Damage to cranial nerves, their tracts, or nuclei typically results in well-defined clinical syndromes. The systematic assessment of cranial nerves is central to neurological diagnosis, offering insight into the integrity of the central and peripheral nervous systems.

Structure and Function

The cranial nerves are typically described either by their anatomical numbering from I to XII, reflecting their sequential origins from the caudal to the ventral brainstem, or by grouping them based on their developmental functions, whether sensory, motor, or mixed. In this section, we first outline the 12 cranial nerves in their anatomical order, followed by a brief overview of their functional groupings (see Image. Human Brain Cranial Nerves).

Cranial Nerve I (Olfactory Nerve)

Special visceral afferent (SVA) bipolar sensory neurons reside in the olfactory mucosa, an area measuring approximately 2 to 4 cm² in the roof of the nasal cavity, spanning the superior nasal concha and nasal septum. These neurons are organized into nerve bundles known as filia olfactoria, which collectively form the olfactory nerve. The nerve fibers enter the cribriform plate of the ethmoid bone to synapse in the olfactory bulb, situated in the anterior cranial fossa.

The olfactory bulb represents the anterior-most part of the olfactory tract, situated at the inferior surface of the frontal lobe. This structure extends posteriorly between the orbital gyrus and the gyrus rectus, bifurcating at the olfactory trigone into the medial and lateral olfactory striae. These striae terminate in the higher-order cortex.[3] Some olfactory projections travel medially to the septal area and the contralateral bulb via the anterior commissure, while others travel laterally to the amygdala and piriform cortex—the primary olfactory cortex— where the conscious perception of odorants is processed.[4]

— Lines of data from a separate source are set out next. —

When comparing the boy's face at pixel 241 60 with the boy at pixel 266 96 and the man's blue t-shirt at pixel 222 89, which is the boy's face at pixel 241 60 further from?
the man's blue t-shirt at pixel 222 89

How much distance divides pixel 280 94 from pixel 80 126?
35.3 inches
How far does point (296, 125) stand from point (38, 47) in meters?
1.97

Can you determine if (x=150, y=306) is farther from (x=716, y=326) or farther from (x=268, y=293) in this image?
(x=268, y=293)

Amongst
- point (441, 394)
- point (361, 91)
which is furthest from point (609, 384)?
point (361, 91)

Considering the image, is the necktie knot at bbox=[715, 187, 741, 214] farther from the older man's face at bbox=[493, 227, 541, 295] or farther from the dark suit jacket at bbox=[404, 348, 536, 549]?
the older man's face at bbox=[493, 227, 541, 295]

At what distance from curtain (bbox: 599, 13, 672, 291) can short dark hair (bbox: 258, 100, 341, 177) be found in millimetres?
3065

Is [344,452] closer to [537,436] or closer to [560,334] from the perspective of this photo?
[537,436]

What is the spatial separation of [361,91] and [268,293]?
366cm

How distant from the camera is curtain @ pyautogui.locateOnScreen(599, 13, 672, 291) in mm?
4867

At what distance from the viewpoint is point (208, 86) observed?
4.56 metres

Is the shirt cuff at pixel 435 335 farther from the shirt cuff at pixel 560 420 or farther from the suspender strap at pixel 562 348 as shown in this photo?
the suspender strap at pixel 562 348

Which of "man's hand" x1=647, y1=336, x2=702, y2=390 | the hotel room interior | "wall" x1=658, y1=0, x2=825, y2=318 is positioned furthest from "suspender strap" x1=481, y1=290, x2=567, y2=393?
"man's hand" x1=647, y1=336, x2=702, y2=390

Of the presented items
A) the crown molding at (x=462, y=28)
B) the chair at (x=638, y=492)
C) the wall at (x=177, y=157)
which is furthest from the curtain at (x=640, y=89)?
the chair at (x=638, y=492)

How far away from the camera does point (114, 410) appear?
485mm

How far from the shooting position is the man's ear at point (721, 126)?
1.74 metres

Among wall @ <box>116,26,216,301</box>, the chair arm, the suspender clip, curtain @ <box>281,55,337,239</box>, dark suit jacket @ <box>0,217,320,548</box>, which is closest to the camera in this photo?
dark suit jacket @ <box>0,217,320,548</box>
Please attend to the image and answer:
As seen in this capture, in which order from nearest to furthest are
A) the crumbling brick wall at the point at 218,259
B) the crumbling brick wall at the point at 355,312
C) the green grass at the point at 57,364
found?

Cranial Nerve II (Optic Nerve)

Cranial nerve II, the optic nerve, transmits special somatic afferent (SSA) visual sensory information from the rods and cones of retinal sensory receptors to the thalamus, primarily the lateral geniculate nucleus and the superior colliculus. This nerve is not considered a true cranial nerve, as it represents an extension and evagination of the diencephalon. Ganglion cells in the retina form central projections that constitute the optic nerve fibers, which pass through the optic canal to enter the middle cranial fossa.

Fibers representing the medial visual fields travel posteriorly without crossing at the optic chiasm, while those representing the lateral visual fields decussate within the chiasm. This retinotopic organization continues within the optic nerve and its synapses in the lateral geniculate nucleus (LGN). Collateral fibers project centrally to the superior colliculus, which mediates the pupillary light reflex and connects to the pulvinar of the thalamus. These pulvinar connections contribute to the phenomenon of blindsight.[5] These pulvinar collaterals enable cortically blind individuals to make unconscious eye movements and detect light direction within the visual field.[6][7][8] From the LGN, axons project to the visual cortices in the occipital lobes for conscious visual processing.

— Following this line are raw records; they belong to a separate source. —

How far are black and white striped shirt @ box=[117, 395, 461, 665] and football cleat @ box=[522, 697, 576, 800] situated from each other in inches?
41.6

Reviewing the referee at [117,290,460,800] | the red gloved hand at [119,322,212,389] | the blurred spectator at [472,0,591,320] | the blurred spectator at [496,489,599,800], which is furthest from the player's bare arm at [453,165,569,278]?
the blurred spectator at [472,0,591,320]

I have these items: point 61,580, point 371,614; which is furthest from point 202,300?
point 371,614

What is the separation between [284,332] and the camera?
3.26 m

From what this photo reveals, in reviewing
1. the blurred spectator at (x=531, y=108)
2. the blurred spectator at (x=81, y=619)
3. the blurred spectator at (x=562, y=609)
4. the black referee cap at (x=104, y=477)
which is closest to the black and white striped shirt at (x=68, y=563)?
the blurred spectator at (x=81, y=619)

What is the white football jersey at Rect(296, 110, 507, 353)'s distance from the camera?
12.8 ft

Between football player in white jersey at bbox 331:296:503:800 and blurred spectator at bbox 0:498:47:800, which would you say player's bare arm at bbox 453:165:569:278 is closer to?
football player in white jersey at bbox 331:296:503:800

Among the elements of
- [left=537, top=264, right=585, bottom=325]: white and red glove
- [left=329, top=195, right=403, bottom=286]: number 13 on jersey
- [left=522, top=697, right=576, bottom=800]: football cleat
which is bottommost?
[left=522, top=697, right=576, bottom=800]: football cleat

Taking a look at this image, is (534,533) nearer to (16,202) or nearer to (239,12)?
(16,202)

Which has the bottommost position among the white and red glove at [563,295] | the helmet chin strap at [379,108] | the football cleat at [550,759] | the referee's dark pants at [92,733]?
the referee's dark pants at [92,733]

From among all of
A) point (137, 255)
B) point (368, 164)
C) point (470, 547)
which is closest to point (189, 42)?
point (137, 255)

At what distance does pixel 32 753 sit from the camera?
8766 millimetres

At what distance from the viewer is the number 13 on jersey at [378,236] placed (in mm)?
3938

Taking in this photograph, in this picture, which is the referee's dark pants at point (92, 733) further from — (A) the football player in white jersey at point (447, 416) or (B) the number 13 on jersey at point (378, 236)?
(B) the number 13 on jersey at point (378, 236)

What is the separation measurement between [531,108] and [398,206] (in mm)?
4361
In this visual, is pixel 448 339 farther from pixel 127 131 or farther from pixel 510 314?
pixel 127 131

Cranial Nerves III, IV, and VI (Oculomotor, Trochlear, and Abducens Nerves)

Cranial nerves III, IV, and VI—the oculomotor, trochlear, and abducens nerves, respectively—are general somatic efferent (GSE) nerves that innervate the extraocular muscles within the orbit (see Image. Orbit, Anterior View). These nerves travel ipsilaterally from their respective brainstem nuclei through the calvarium and enter the orbit via the superior orbital fissure.

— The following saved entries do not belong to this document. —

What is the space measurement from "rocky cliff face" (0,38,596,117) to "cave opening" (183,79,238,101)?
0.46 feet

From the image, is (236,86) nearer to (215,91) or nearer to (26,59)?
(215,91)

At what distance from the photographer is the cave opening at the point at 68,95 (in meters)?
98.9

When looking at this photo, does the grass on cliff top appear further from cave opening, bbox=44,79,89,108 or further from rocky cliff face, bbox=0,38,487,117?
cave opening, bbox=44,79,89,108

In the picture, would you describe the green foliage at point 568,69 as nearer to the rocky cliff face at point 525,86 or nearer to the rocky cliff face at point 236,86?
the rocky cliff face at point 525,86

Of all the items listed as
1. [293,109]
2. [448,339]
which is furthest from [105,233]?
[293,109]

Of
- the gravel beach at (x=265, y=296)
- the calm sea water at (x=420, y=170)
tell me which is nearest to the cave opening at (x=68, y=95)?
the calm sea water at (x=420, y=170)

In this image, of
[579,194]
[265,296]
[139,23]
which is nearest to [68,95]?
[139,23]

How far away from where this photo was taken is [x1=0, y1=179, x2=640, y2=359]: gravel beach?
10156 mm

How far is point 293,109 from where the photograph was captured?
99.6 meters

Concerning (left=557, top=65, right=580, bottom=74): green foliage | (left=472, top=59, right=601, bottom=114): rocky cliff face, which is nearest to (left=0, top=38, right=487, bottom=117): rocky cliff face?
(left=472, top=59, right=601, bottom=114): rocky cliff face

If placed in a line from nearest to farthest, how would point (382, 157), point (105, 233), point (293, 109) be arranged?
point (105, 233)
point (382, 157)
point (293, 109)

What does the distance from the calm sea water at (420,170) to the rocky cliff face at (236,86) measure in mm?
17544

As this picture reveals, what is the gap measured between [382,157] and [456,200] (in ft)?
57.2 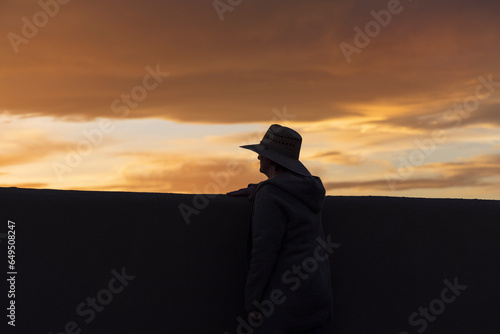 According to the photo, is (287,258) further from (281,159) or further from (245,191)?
(245,191)

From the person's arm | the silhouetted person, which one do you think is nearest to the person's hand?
the silhouetted person

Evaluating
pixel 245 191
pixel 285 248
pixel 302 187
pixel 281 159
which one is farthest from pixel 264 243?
pixel 245 191

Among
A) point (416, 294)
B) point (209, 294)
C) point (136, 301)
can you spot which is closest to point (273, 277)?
point (209, 294)

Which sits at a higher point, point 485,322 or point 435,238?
point 435,238

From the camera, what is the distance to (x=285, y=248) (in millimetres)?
4062

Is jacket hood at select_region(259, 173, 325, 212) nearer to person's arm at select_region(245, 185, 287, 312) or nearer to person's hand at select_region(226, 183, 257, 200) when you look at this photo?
person's arm at select_region(245, 185, 287, 312)

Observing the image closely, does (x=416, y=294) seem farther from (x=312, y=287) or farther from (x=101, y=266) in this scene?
(x=101, y=266)

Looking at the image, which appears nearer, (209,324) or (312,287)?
(312,287)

The oculomotor nerve passes through the common tendinous ring, which serves as the shared attachment point for the 4 rectus muscles and the abducens nerve. The trochlear nerve, in contrast, enters the orbit outside the common tendinous ring to innervate the superior oblique muscle. The abducens nerve specifically innervates the lateral rectus muscle, and its function can be assessed by testing the ability of the eye to abduct.

Cranial nerve III innervates most of the eye muscles by splitting into superior and inferior branches, which innervate the remaining 3 rectus muscles, the inferior oblique, and the skeletal muscle component of the levator palpebrae superioris. Besides its GSE function, cranial nerve III also contains a general visceral efferent (GVE) component originating from the Edinger-Westphal nucleus, also known as the accessory or visceral oculomotor nucleus. These parasympathetic fibers travel with the oculomotor nerve to synapse in the ciliary ganglion within the orbit.

The postganglionic parasympathetic fibers from the ciliary ganglion pass through the sclera to innervate the pupillary sphincter and the ciliary smooth muscles, responsible for pupillary constriction and lens accommodation. The pupillary light reflex, involving efferent pathways from the superior colliculus to the accessory oculomotor nucleus, may be used to test pupillary constriction.[9] The eye movement test, including abduction, adduction, infraduction, and supraduction, effectively evaluates the function of the GSE components of cranial nerves III, IV, and VI.

Cranial Nerve V (Trigeminal Nerve)

Cranial nerve V, the trigeminal nerve, is responsible for the general somatic afferent (GSA) or sensory innervation of the face through its 3 main branches: V1 (ophthalmic), V2 (maxillary), and V3 (mandibular). Additionally, cranial nerve V, via its V3 branch, provides motor innervation (special visceral efferent or SVE) to the muscles of mastication, as well as the anterior belly of the digastric muscle, mylohyoid, and 2 small tensor muscles, the tensor veli palatini and tensor tympani.

Although cranial nerve V does not carry autonomic fibers as it exits the pons, parasympathetic fibers from other mixed cranial nerves join its peripheral branches to innervate target structures such as the lacrimal, parotid, submandibular, and sublingual glands. Consequently, while central nuclear or supranuclear lesions can lead to ipsilateral sensory or motor deficits, peripheral nerve damage to specific branches primarily affects parasympathetic functions.[10]

Cranial Nerve VII (Facial Nerve)

Cranial nerve VII, the facial nerve, contains motor, autonomic, and minor somatosensory fibers. The SVE fibers innervate the muscles of facial expression and exit the skull through the stylomastoid foramen, deep to the parotid gland. Damage to these fibers results in ipsilateral facial paralysis, also known as facial palsy.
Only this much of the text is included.